Re: HTTP response version, again

    The appropriate response to a request may well depend upon the
    version.

The request version, yes.

    For example, a chunked reply appropriate in response to a 1.1
    request but not a 1.0,

True

    and the HTTP/1.1 in the response header indicates which protocol
    version forms the basis of a response.

Not exactly.  You shouldn't send a response that looks like
	HTTP/1.0 206 Partial Content
because HTTP/1.0 doesn't define this code, although a reasonable
implementation (of *either* HTTP/1.1 or HTTP/1.0) would accept
this message anyway.  But you can send something that is fully
acceptable to an HTTP/1.0 client (one which isn't buggy, anyway)
with an HTTP/1.1 response version.  That's the way that the HTTP/1.1
protocol was designed, and if there are any cases where this is not
true, someone should describe the specifics.

The problem with chunked responses is solved not by playing games
with the response version number.  An HTTP/1.1 server should not
send a chunked response to an HTTP/1.0 request, but this is 100%
independent of the response version number.

    Similarly, for error reponses, if the version number is 1.1, then
    the response indicates that the request, considered as a 1.1
    request, resulted in an error condition.
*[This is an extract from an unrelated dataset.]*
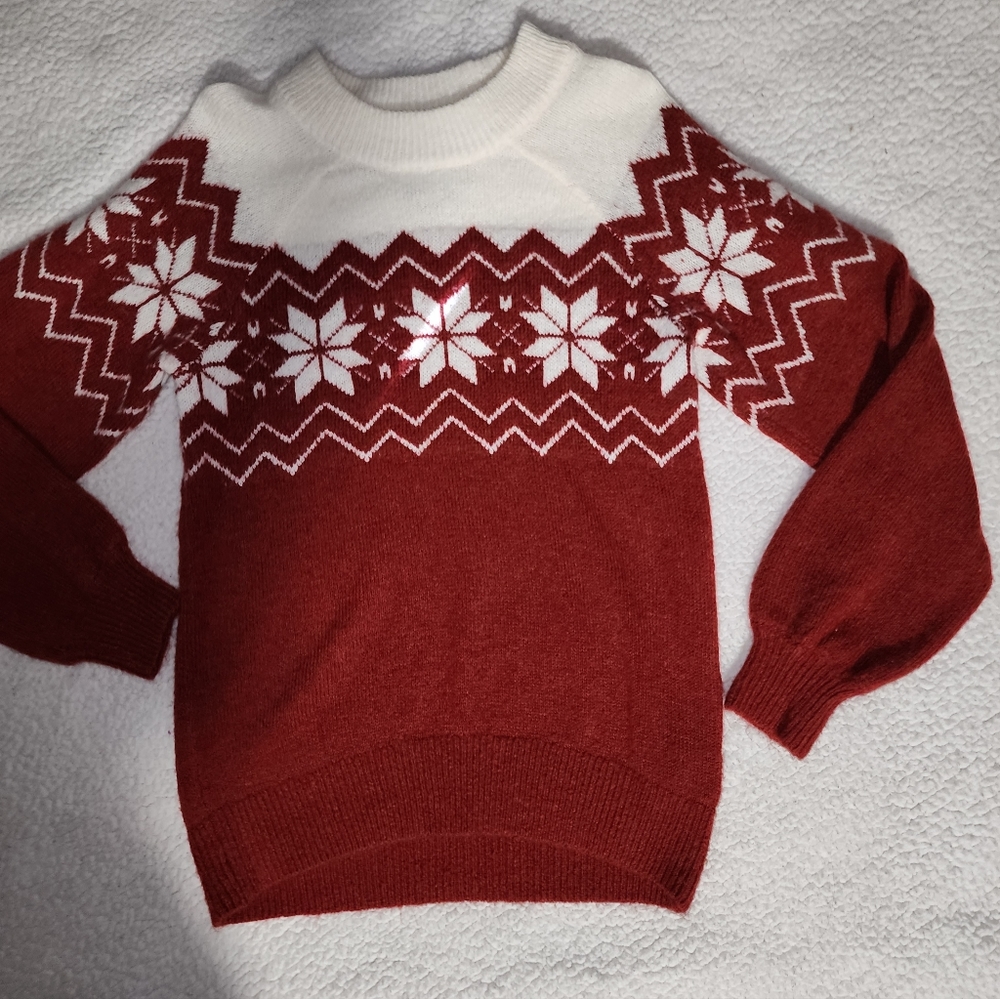 Abercrombie & Fitch Boho , Burnt Orange Colored Sweater. - Picture 3 of 6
If the version in the
    reponse were 1.0, then tht would indicate that the request was
    treated as a 1.0 request.
    
No, the HTTP/1.1 specification was designed carefully to make this
unnecessary.  If a properly formed HTTP/1.0 request would lead to an
erroneous status code, this is true independent of whether the server
implements HTTP/1.0 or HTTP/1.1.

There is only one reason that one might want an HTTP/1.1 server
to respond to an HTTP/1.0 request with a version number of HTTP/1.0.
This would only be necessary if the client implementation is
excessively strict with respect to version numbers.  (I was going
to write "if the client implementation was buggy", but since all
HTTP/1.0 clients were written without the benefit of a formal
standard, I don't want to get into a pointless argument about what
constitutes a "bug").  In *all* other cases, there is no possible
harm if an HTTP/1.1 server always responds with that version.